Is It a Felony to Export $5 in Nickels?

I’m reading Rick Harrision’s License to Pawn. I haven’t come to any startling revelations from its contents yet, but it’s nice mind candy. Anyway, he has a chapter called “Research in Action” about some of the more esoteric ways he’s tried to make money over the years. One such method was to buy up as many nickels as he could, then scrap them for about $.08 a piece, turning a tidy 60% profit. Of course, it soon became illegal to scrap nickels, so Rick was left holding several bags of Thomas Jefferson portraits.

As a postscript, he mentions that it is now a felony to take more than $5 worth of nickels out of the United States. Is this true? If so, this is probably the most innocuous felony that I’ve ever heard of.

Also, how is the law on not scrapping nickels enforced? Does the secret service keep track of metals coming onto the market and demand accountability from every scrap dealer who trips a certain threshold?

This site

lists the melt value of the 1946-current nickels as 2.8 cents so I don’t know how he made a profit, unless he was melting wartime silver nickels which have a melt value of about 88 cents.

Note that’s the value of the metal and doesn’t include the cost of melting or separating the metals

According to this:
[QUOTE=US Code]
The Secretary may prohibit or limit the exportation, melting, or treatment of United States coins when the Secretary decides the prohibition or limitation is necessary to protect the coinage of the United States.
[/QUOTE]

…and according to this:
[QUOTE=US Mint]
Specifically, the new regulations prohibit, with certain exceptions, the melting or treatment of all one-cent and 5-cent coins. The regulations also prohibit the unlicensed exportation of these coins, except that travelers may take up to $5 in these coins out of the country, and individuals may ship up to $100 in these coins out of the country in any one shipment for legitimate coinage and numismatic purposes.

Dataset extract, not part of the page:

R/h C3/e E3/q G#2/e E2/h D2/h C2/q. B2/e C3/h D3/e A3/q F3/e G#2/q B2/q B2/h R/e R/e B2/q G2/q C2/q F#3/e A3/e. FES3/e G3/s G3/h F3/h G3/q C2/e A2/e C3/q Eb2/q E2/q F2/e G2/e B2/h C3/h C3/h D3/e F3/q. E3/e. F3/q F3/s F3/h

The new regulations authorize a fine of not more than $10,000, or imprisonment of not more than five years, or both, against a person who knowingly violates the regulations. In addition, by law, any coins exported, melted, or treated in violation of the regulation shall be forfeited to the United States Government.

[/QUOTE]

Note that that was 10 years ago, and these things are subject to change as material prices change.

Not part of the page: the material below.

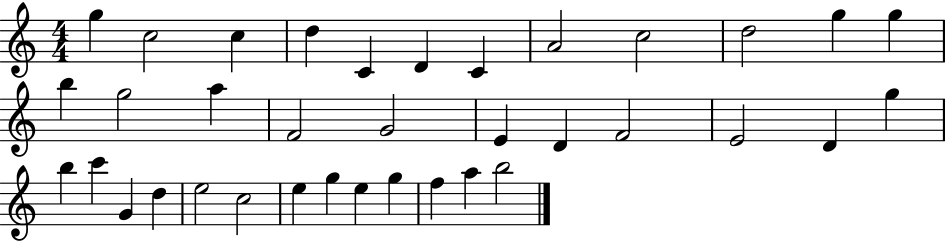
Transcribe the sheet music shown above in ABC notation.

It’s entirely possible Harrison is exaggerating; some other portions of his narrative don’t quite ring 100% true either.

FWIW, the book is from 2011, and from context, I assume this incident happened right around the 2006 US Mint action that **DMC **cites.

According to this site, the ban is still in place, even though the material costs are such that there is no profit to be made, so it seems like he was right on this one.